Authors:
Pasula, H; Marthi, B; Milch, B; Russell, S; Shpitser, I
Author:
Pasula, H
Marthi, B
Milch, B
Russell, S
Shpitser, I
Venue:
Advances in Neural Information Processing (NIPS)
URL:
http://people.csail.mit.edu/milch/papers/nipsnewer.pdf
Identity uncertainty is a pervasive problem in real-world data analysis. It
arises whenever objects are not labeled with unique identifiers or when
those identifiers may not be perceived perfectly. In such cases, two observations
may or may not correspond to the same object. In this paper,
we consider the problem in the context of citation matching—the problem
of deciding which citations correspond to the same publication.

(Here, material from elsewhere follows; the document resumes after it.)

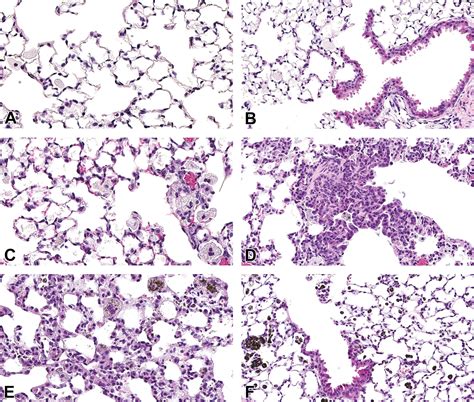 Asbestosis Histology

Our
approach is based on the use of a relational probability model to define
a generative model for the domain, including models of author and title
corruption and a probabilistic citation grammar. Identity uncertainty is
handled by extending standard models to incorporate probabilities over
the possible mappings between terms in the language and objects in the
domain. Inference is based on Markov chain Monte Carlo, augmented
with specific methods for generating efficient proposals when the domain
contains many objects. Results on several citation data sets show that
the method outperforms current algorithms for citation matching. The
declarative, relational nature of the model also means that our algorithm
can determine object characteristics such as author names by combining
multiple citations of multiple papers.